### THE TASK
Would you write out the full listing exactly, without any pictures?

### SOURCE MATERIAL
[Start of section]

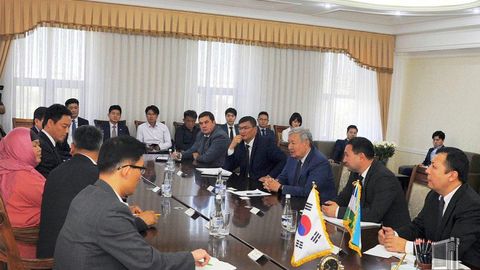 Жанубий Корея ишбилармонлари Қорақалпоғистонда ўзаро ҳамкорлик масалаларини муҳокама қилди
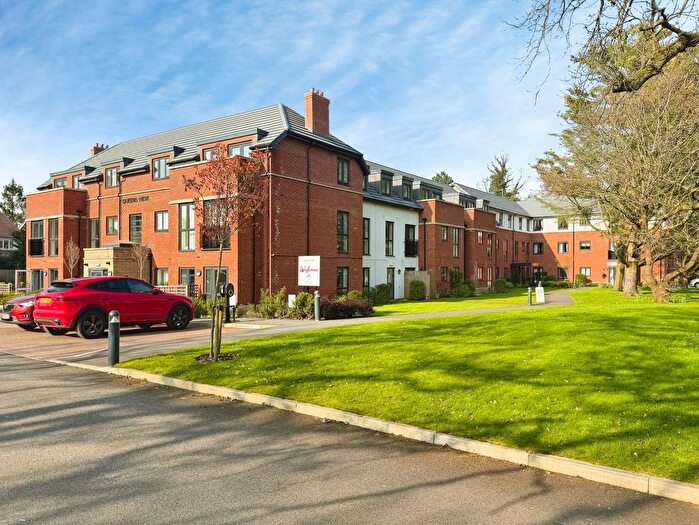 1 Bedroom Flat For Sale In Ack Lane East, Bramhall, SK7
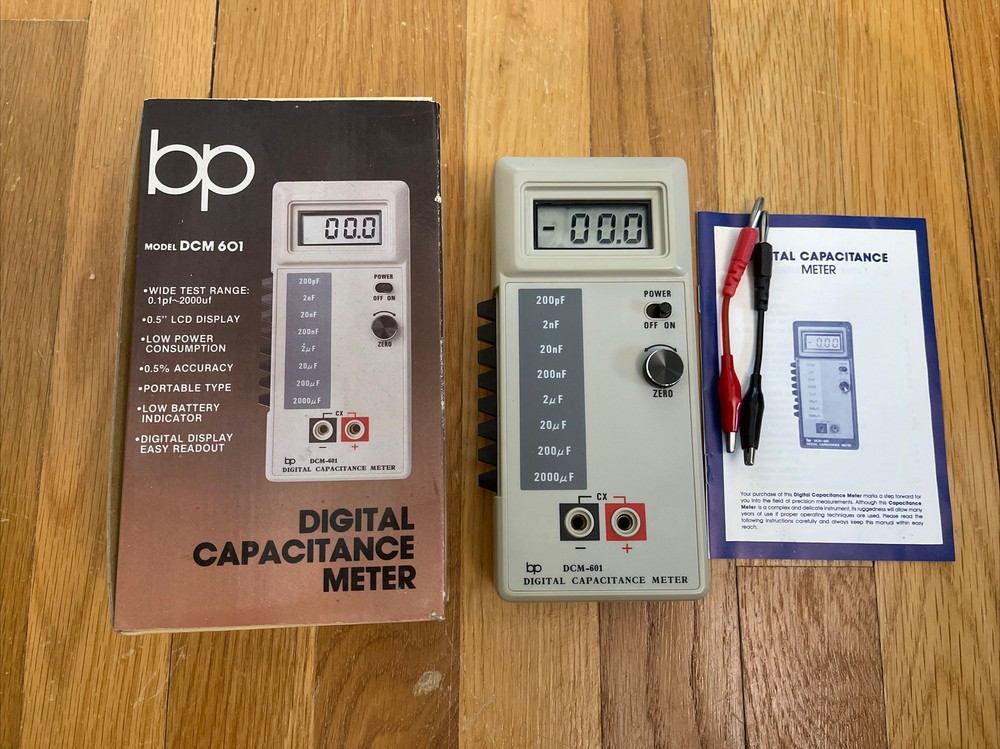 DCM-601 Digital Capacitance Meter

[End of section]

### RESULT OF THIS EXERCISE
 Жанубий Корея ишбилармонлари Қорақалпоғистонда ўзаро ҳамкорлик масалаларини муҳокама қилди
 1 Bedroom Flat For Sale In Ack Lane East, Bramhall, SK7
 DCM-601 Digital Capacitance Meter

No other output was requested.